Risorse insufficienti «Purtroppo non sarà possibile programmare l’attività del 2012 perché le risorse al momento a disposizione non sono assolutamente sufficienti né per il montepremi né per le Società di Corse. Così stando le cose – continua la nota delle FederIppodromi -, il primo gennaio gli ippodromi del nostro paese chiuderanno i cancelli ad ogni tipo di attività mettendo in atto tutte quelle operazioni che avviano la chiusura definitiva delle aziende che non hanno più un presente né tantomeno un futuro».

Lo shock Una vera e propria doccia fredda quindi per un mondo che nel corso dei secoli ha appassionato scrittori, pittori, stilisti e registi. Non sarà più possibile scommettere sulla mitica Tris “Soldatino-King e Dartagnan”, resa celebre dal film culto degli anni ’70 “Febbre da cavallo”, diretto da Steno ed interpretato da Gigi Proietti, Enrico Montesano e Catherine Spaak.
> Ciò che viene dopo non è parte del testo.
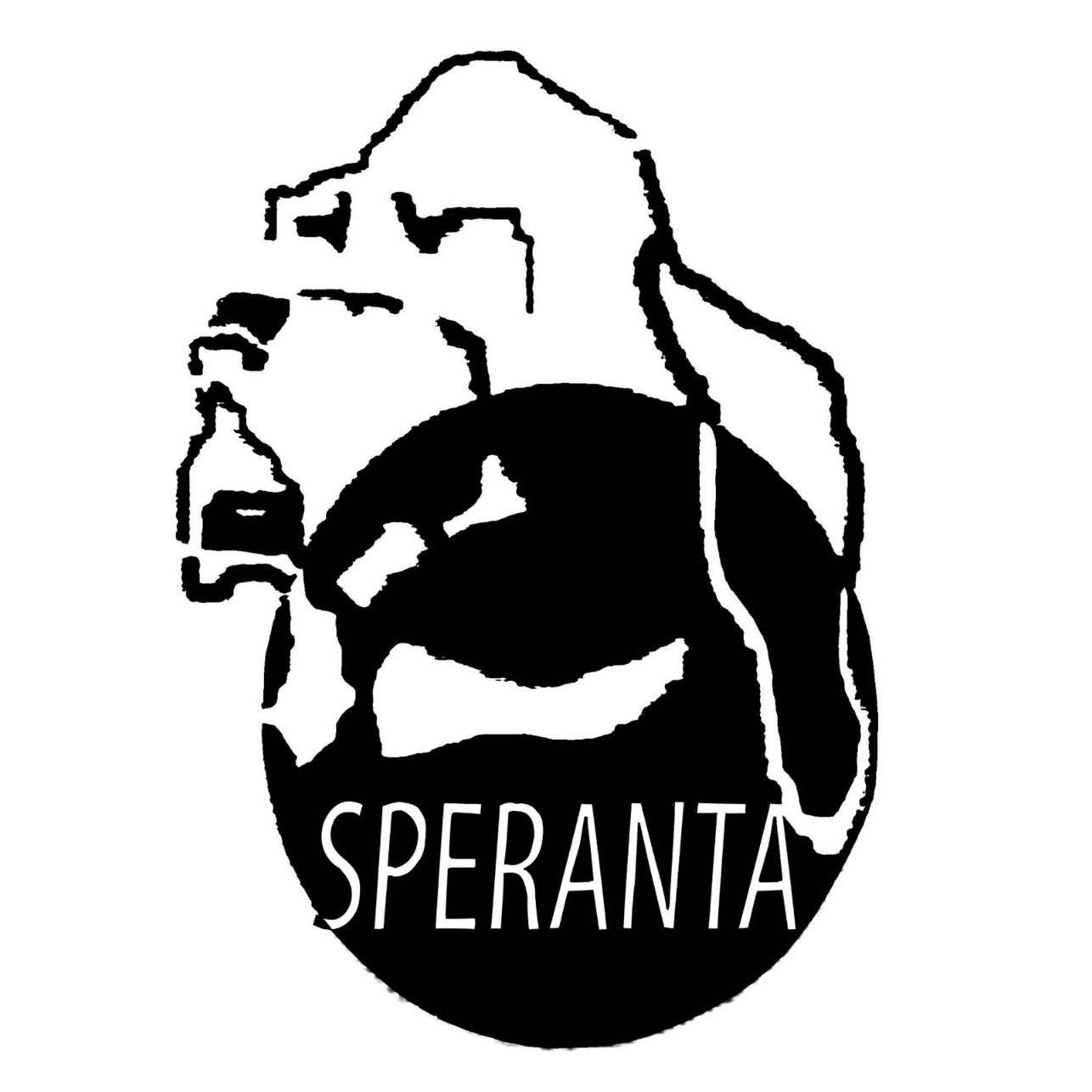 FUNDATIA ADAPOSTUL SPERANTA logo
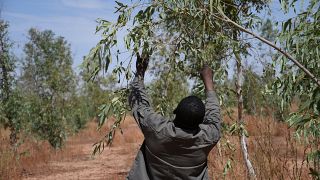 Niger's Great Green Wall tentatively comes to life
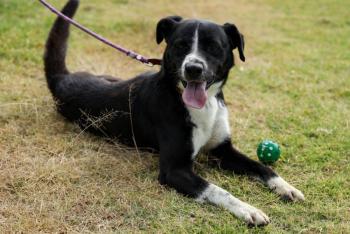 Perritos rescatados del Metro CDMX buscan adopci&oacute;n en el Centro de Transferencia Canina
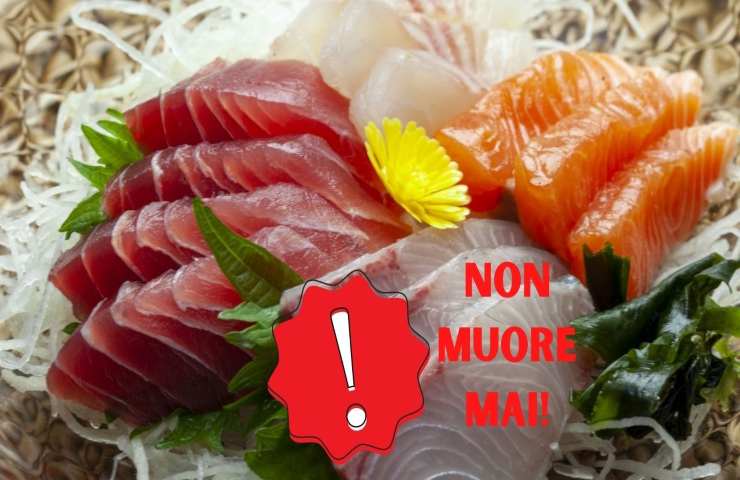 Pesce crudo non muore mai 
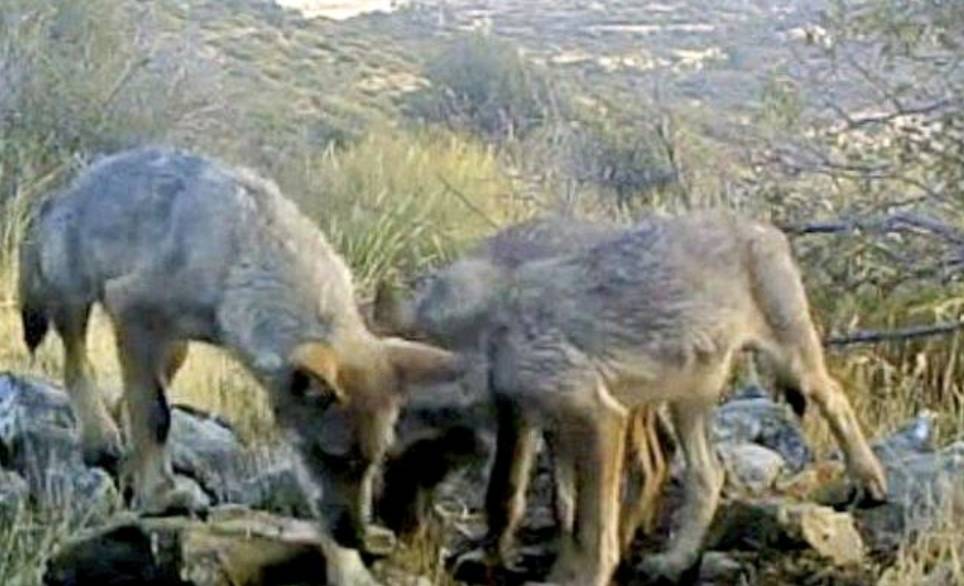 【注意】马德里山区狼群出没，光天化日咬死多只羊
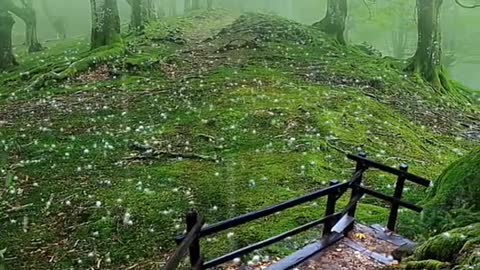 Snowfall in forest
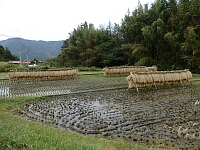日記の画像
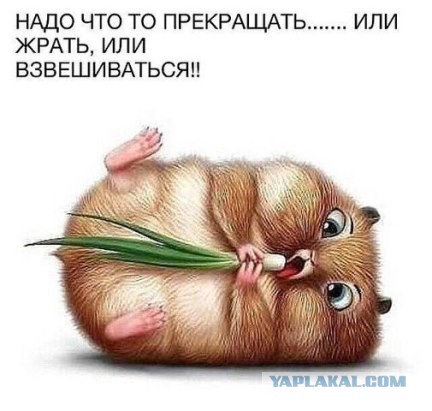 Девушка, сбросившая 60 кг за два года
Finisce con il 2011 l’era delle “mandrakate” che tanto hanno appassionato scommettitori e cultori del celebre lungometraggio. Il tracollo più grave però arriva soprattutto per almeno 50 mila addetti ai lavori tra allenatori, fantini e allevatori che dal primo gennaio non potranno più contare sulla possibilità di poter lavorare in Italia.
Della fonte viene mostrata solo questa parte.